In other words, he presents the tired canard that you _either_ have an infallible teaching office or it's just Bryan Cross and his Bible. Mike rightly pointed out his views in the interview as naive (where he states, for instance, that ecumenical councils have never contradicted one another) and mis representative of the Reformed position. One wonders whether a Roman Catholic exists that actually wants to interact with the substance of the Reformed view of a Church with teaching authority that exists in subordination to the authority of the Word.

Recommend you pick up the Nov/Dec 2010 issue of Modern Reformation as a great discussion of Sola Scriptura. I think the Reformers were right to draw a parallel between the Enthusiasts of their day and the Roman Catholic Church. In both cases, essentially, the Word becomes subordinate to either an individual or a magisterium that claims for itself immediate access to the Holy Spirit apart from the Word of God. With all his talk about teaching authority, at the end of the day, Bryan shows his true colors when he talks about the way he approached the Westminster Confession of Faith:


> I came to believe that the Westminster Confession of Faith has no authority, because the only basis for its "authority" was my own agreement with its interpretation of Scripture. And agreement with oneself cannot be the basis for authority. This is why denominationalism necessarily follows the loss of living teaching authority.


Bryan Cross was the normative interpreter of Scripture for Bryan Cross. He was, for all intents and purposes, a pagan when he "agreed" to a Reformed Confession. Why? Because pagan deities are deaf and mute and cannot speak. Our God is a living God and His Word, consequently, is living and active and judges men rather than the other way around. Bryan admits that he believed his interpretation created truth rather than bowing the knee and seeing the Word as living and active and creating the world and Church that it speaks about.

Brian has now replaced Scripture with an implicit trust in the teaching Magisterium of the Roman Catholic Church and as Mike Horton notes:


> We all have to answer that "according to whom" question. Why the Church of Rome? Why not the East, Wittenberg, Geneva, or Canterbury? Or, for that matter, Tulsa or Salt Lake City? At some point, you came to believe that the Church of Rome has magisterial authority over the whole body of Christ, but why? Even if you now submit unquestioningly (fides implicita) to everything taught as necessary by the Church of Rome, you still had to make a decision about which side you thought was correct when you left Reformed Christianity.
> 
> It's interesting biographically when you say, "I came to believe that the Westminster Confession has no authority, because the only basis for its 'authority' was my own agreement with its interpretation of Scripture. And agreement with oneself cannot be the basis for authority." Sifting out the caricature, I see your point, but as an argument it seems quite dangerous to me. It seems to assume that the Bible is murky, confusing, perhaps even contradictory, requiring the clarity of an infallible teacher. When it comes to Scripture, one has to interpret a lot, but when it comes to the Magisterium, no interpretation is necessary. I don't believe one could find a single respected Roman Catholic theologian or cleric who would agree with you on that one, but it is certainly a radical surrender of one's fate to ecclesial authority. Quite aside from the specifics of actual church history (which renders the assumption of a clear and self-consistent Magisterium implausible), I puzzle over what appears to be a radically postmodern (skeptical) view of the possibility of a faithful interpretation of Scripture coupled with a radically modern (absolutist) view of ecclesial interpretation.

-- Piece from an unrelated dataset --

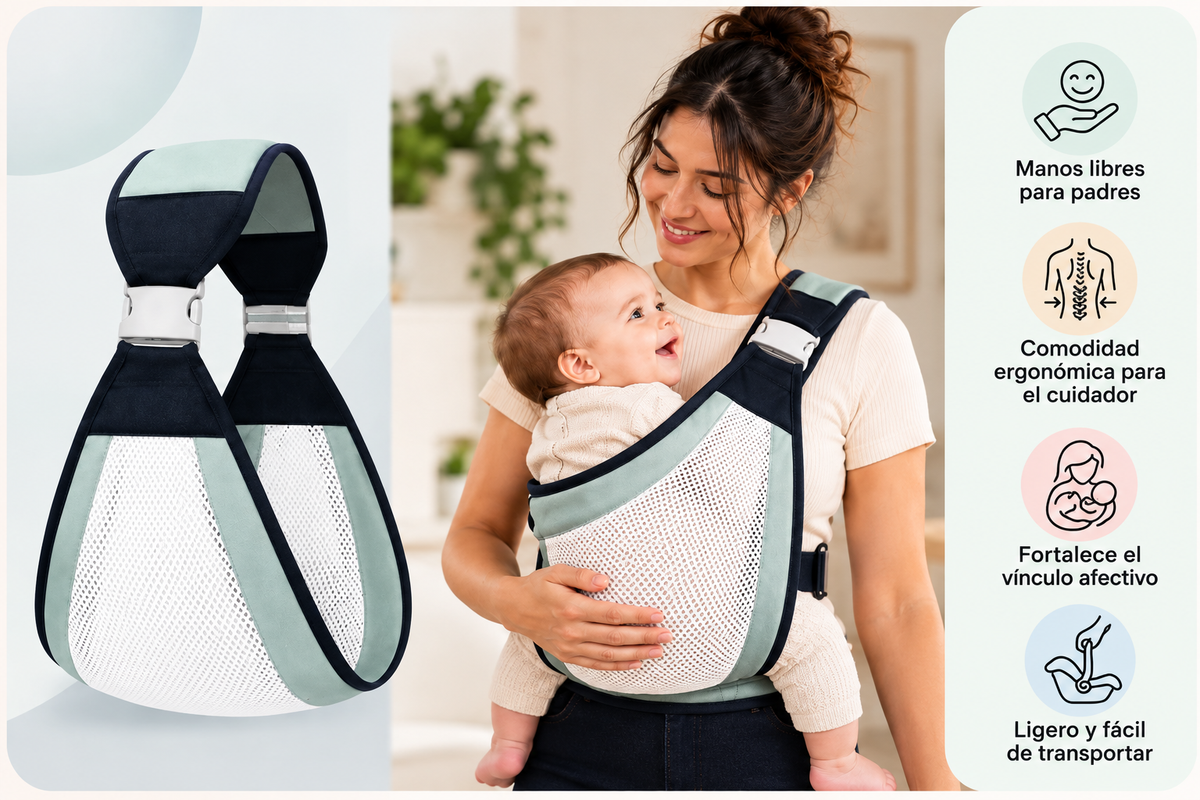 Libera tus manos con BebéNido™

I believe Mike is keenly insightful on this. At the root of the typical objection by a Roman Catholic is the same pagan idea that God cannot speak clearly and needs a cultis to speak for Him. Furthermore, the nice thing about pagan religions is all the cultic language that builds up around itself. It has an infallible teaching office that consists of tomes many orders of magnitude longer and more complex than the Scriptures themselves.

Brian can speak in the abstract about the infallible teaching office of the RCC but, in reality, this can only remain an abstraction because its actual content is so large and complex that no two Roman Catholics will actually be able to comprehensively re-construct what that teaching is nor will they agree upon their conclusions.

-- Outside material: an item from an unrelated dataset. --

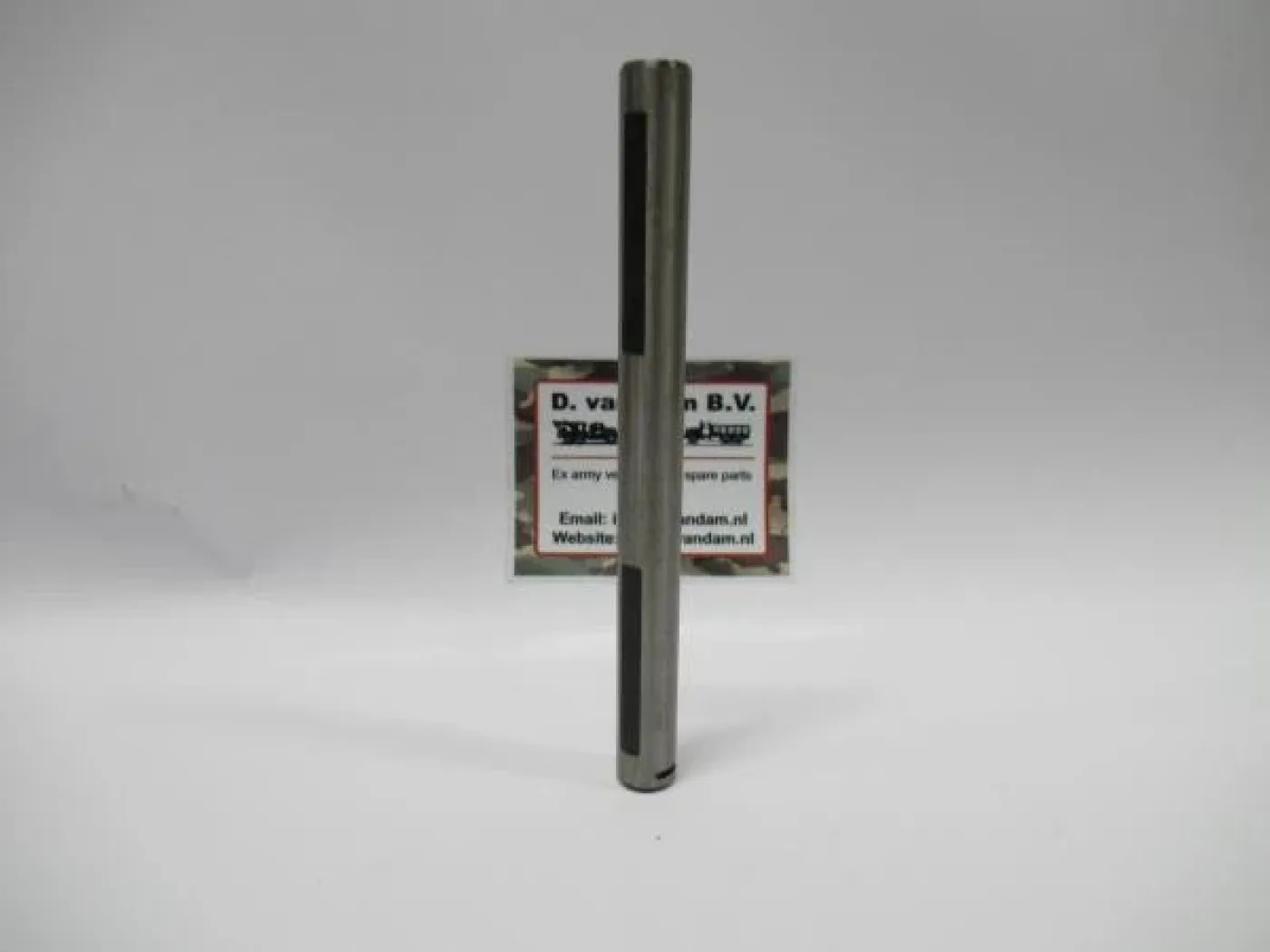 As tandwielboom versnellingsbak T-84 (gegroefd) - 4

It remains, therefore, a convenient "unicorn", this idea of infallible teaching authority. One can remain skeptical about the perspicuity of Scripture on the one hand and use the infallible teaching authority as a convenient ploy to buttress a pagan notion that God cannot speak clearly. Then, when one is convinced to place his trust in this infallible teaching authority, the volume and complexity of the teaching allows one to cherrypick truth and interpret it as one wishes.

At the end of the day, Bryan Cross is right back where he was when he was a pagan with a Reformed Confession. He's now a pagan who interprets Roman Catholic dogma to bend and shape a deaf and mute deity to his own service.


----------



## greenbaggins (Dec 29, 2010)

> It remains, therefore, a convenient "unicorn", this idea of infallible teaching authority. One can remain skeptical about the perspicuity of Scripture on the one hand and use the infallible teaching authority as a convenient ploy to buttress a pagan notion that God cannot speak clearly. Then, when one is convinced to place his trust in this infallible teaching authority, the volume and complexity of the teaching allows one to cherrypick truth and interpret it as one wishes.

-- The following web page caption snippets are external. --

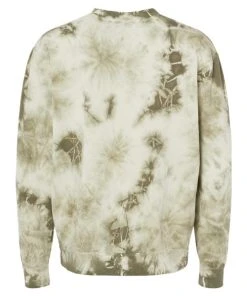 Independent Trading Co. Men's Midweight Tie-Dyed Sweatshirt -Bulkthreads store 134606243.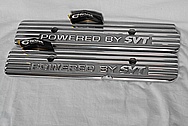 STV Coil Covers AFTER Chrome-Like Metal Polishing and Buffing Services / Restoration Services 
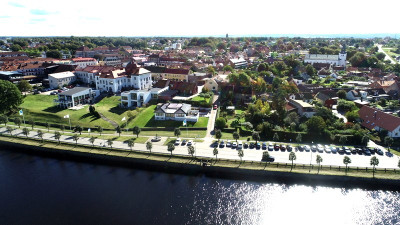 Drönarbild Gamlebygatan 2A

This is the real nub of the issue. It allows Catholicism to be in the eye of the beholder. Further, it makes Catholicism into a sort of deepest foam: if you penetrate it at any one point, the rest of the foam comes closing around the entry point. If you object to something in Catholicism, everything else about Catholicism can be garnered to answer.


----------



## Marrow Man (Dec 29, 2010)

Semper Fidelis said:


> Mike rightly pointed out his views in the interview as naive (where he states, for instance, that ecumenical councils have never contradicted one another) and mis representative of the Reformed position.



I recently ran into a RC who said pretty much the same thing. I had pointed out that a mere three decades apart, the Synod of Constantinople (753) and the Council of Nicaea (787) flatly contradicted one another on the use of the images of Christ. After much hem-hawing, the final answer I got was that Constantinople was a "local council" that erred and was immediately corrected by Nicaea. Of course, Nicaea was also the Seventh Ecumenical Council, and it was put forth that these have never been contradictory. Is there a source somewhere that would show where some if the Ecumenical Councils have erred by contradicting other ECs?


----------



## SolaGratia (Dec 29, 2010)

Here is more from the dialogue: Sola Scriptura: A Dialogue between Michael Horton and Bryan Cross | Called to Communion


----------



## ryanhamre (Dec 29, 2010)

That's why, "On the first day of Christmas my pastor taught to me... The Doctrine of Perspicuity."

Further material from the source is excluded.